● Records to use:
□ □ □ □ □
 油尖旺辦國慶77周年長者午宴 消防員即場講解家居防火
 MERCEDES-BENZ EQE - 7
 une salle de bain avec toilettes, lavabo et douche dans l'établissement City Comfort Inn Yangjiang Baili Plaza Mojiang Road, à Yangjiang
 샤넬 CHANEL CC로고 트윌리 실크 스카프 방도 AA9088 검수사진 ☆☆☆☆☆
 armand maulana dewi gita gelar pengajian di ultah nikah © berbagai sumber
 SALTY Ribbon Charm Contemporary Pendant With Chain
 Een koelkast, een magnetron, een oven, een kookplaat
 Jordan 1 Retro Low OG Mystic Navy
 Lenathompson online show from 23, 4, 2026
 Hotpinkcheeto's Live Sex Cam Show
□ □ □ □ □
● Your objective: Reproduce the data in full, precisely as given.

● Exercise answer:
 油尖旺辦國慶77周年長者午宴 消防員即場講解家居防火
 MERCEDES-BENZ EQE - 7
 une salle de bain avec toilettes, lavabo et douche dans l'établissement City Comfort Inn Yangjiang Baili Plaza Mojiang Road, à Yangjiang
 샤넬 CHANEL CC로고 트윌리 실크 스카프 방도 AA9088 검수사진 ☆☆☆☆☆
 armand maulana dewi gita gelar pengajian di ultah nikah © berbagai sumber
 SALTY Ribbon Charm Contemporary Pendant With Chain
 Een koelkast, een magnetron, een oven, een kookplaat
 Jordan 1 Retro Low OG Mystic Navy
 Lenathompson online show from 23, 4, 2026
 Hotpinkcheeto's Live Sex Cam Show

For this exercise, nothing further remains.